Bradford is upset at the Eagles' trade last week for the No. 2 overall pick to draft a quarterback.
"Sam's only been in the league for six years and he wants to go some place and be there and know that he's going to stay as long as he plays well, and his situation now in Philadelphia is different," Condon told SiriusXM NFL Radio.
"Sam's a competitor, and he wants to go someplace and know he's the man. He just doesn't want to be there holding the place card and then wondering where's he's going to go at the end of the year."
Bradford, who re-signed with the Eagles earlier this offseason, "is mad and wants to show everyone who's best," a source told ESPN's Adam Schefter last week.
Executive vice president of football operations Howie Roseman told Comcast SportsNet on Monday that he wanted "to reiterate our support for Sam Bradford and go back to our statements last week -- that Sam is our starting quarterback.
"His agent and Sam know how we feel about him. These workouts are voluntary. We look forward to seeing Sam again in the near future."
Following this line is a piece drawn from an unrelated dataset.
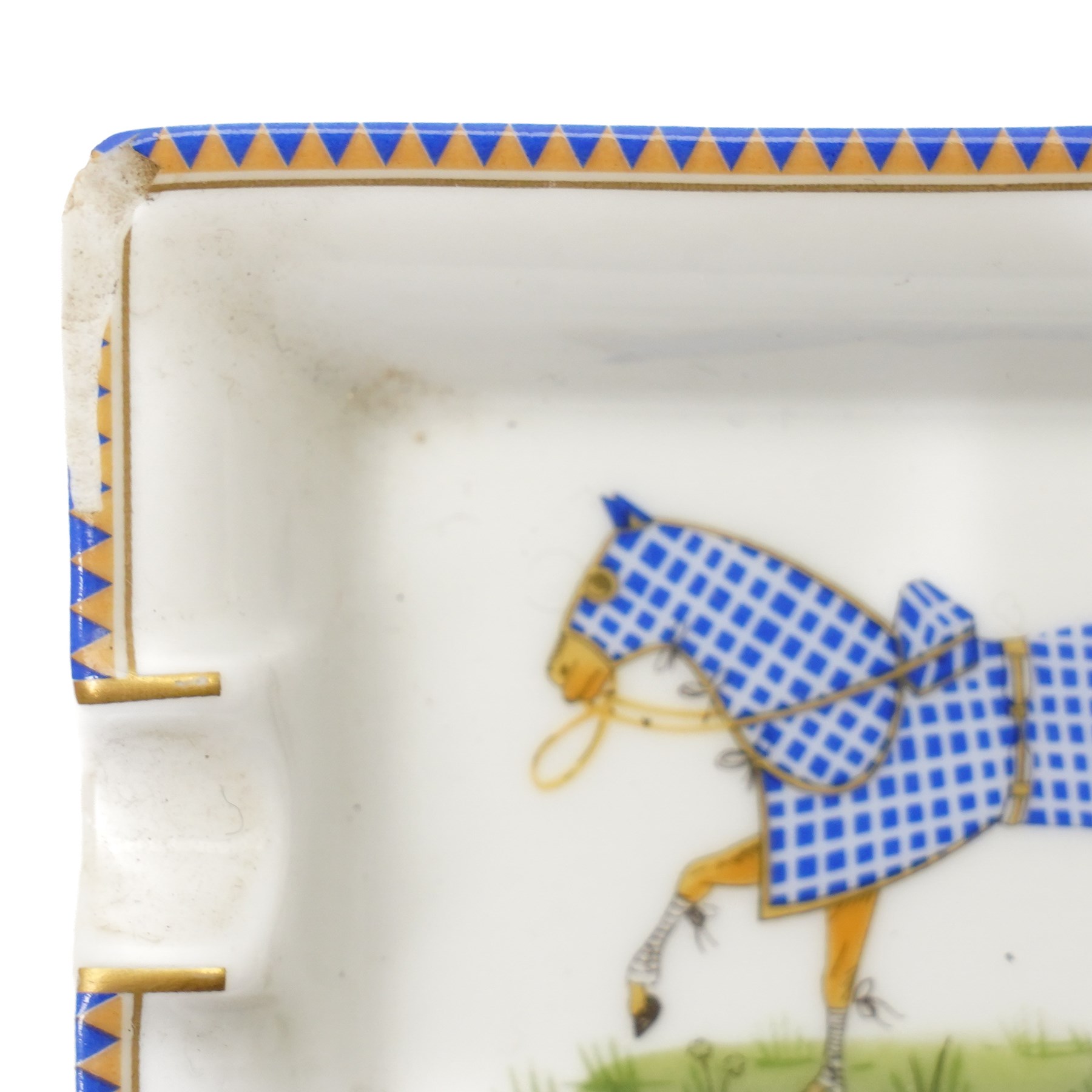Hermès - set of four miniature porcelain ashtrays, each decorated with a horse in differing blanket, with gilt and coloured borders, in contrasting colour with various horse-coats, in original fitted box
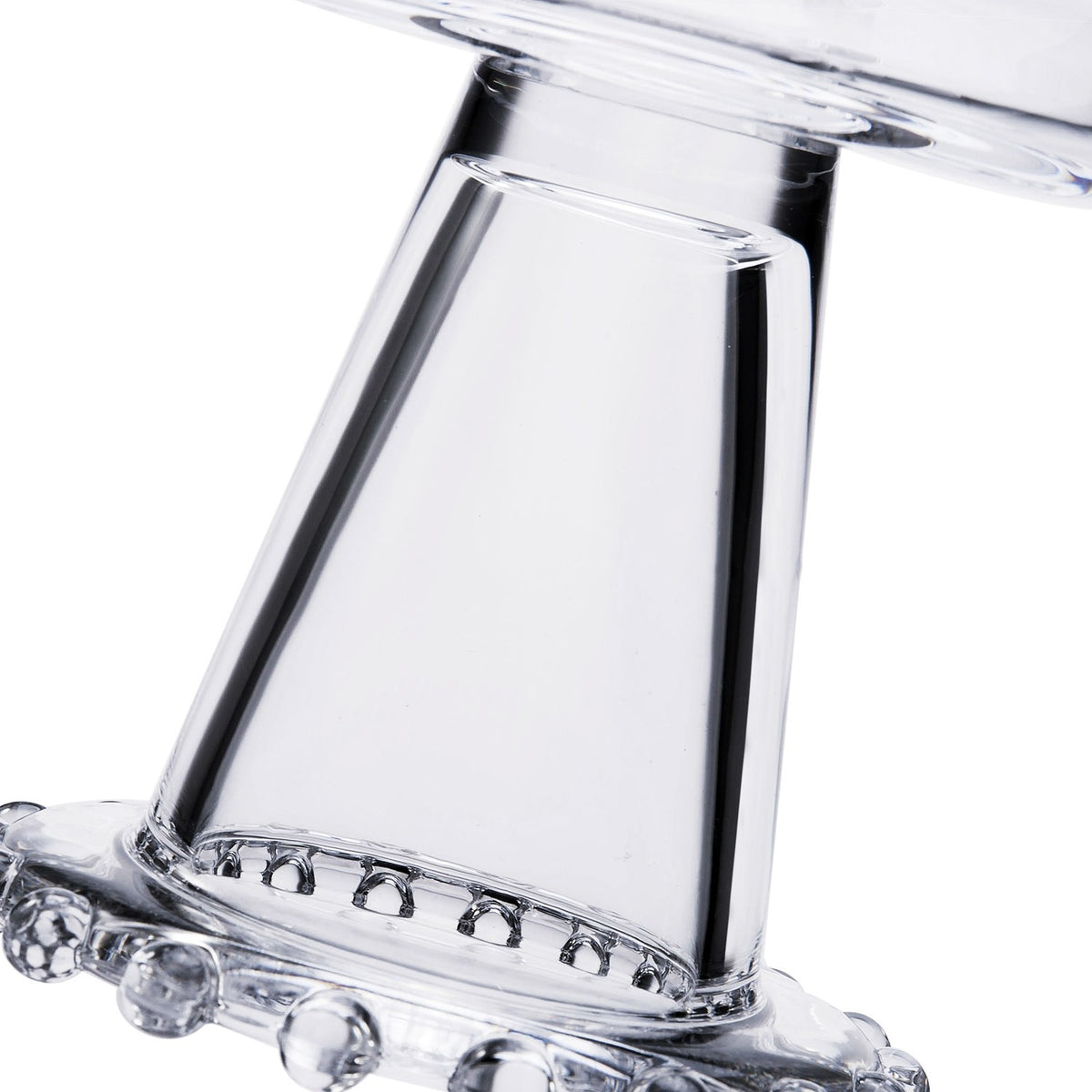 Close-up of a clear glass beaded dessert bowl pedestal base with a decorative beaded rim.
The Eagles acquired the No. 2 overall pick from the Cleveland Browns on Thursday in a blockbuster trade, using draft picks acquired in two previous trades. Roseman said the Eagles had been trying to move up since January and acknowledged that the team intends to take a quarterback with the No. 2 pick.
The Los Angeles Rams had already acquired the top overall pick from Tennessee for a slew of picks and have indicated they will take a quarterback. The Eagles will likely take either Cal's Jared Goff or North Dakota State's Carson Wentz, whichever is not taken by the Rams.
The Eagles made the trade despite signing Bradford and former Kansas City Chiefs quarterback Chase Daniel this offseason, doling out $34 million in guaranteed money to the quarterbacks ($22 million to Bradford on a two-year deal and $12 million to Daniel on a three-year contract).
Bradford, 28, started 14 games last season after the Eagles acquired him in an offseason trade with the Rams. The Eagles went 7-7 in his starts. He completed 65 percent of his pass attempts, throwing for 3,725 yards with 19 touchdowns and 14 interceptions.
"[Bradford] doesn't view himself as somebody that's a stopgap kind of quarterback, and he wants to go someplace and take a chance on [being] with a team with a long time," Condon said. "I can't blame him for that."